• **Activity**
Search the data for the string "pour", and report each line where it is found.

[Dataset items]
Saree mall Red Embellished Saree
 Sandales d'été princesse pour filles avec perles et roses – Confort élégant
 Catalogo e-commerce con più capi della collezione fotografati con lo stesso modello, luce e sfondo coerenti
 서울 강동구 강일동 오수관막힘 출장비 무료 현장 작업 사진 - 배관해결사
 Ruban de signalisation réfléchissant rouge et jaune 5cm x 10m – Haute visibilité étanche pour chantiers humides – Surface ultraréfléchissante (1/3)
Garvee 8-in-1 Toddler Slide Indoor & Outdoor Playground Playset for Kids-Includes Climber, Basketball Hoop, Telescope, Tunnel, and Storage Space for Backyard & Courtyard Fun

• **Written response**
 Sandales d'été princesse pour filles avec perles et roses – Confort élégant
 Ruban de signalisation réfléchissant rouge et jaune 5cm x 10m – Haute visibilité étanche pour chantiers humides – Surface ultraréfléchissante (1/3)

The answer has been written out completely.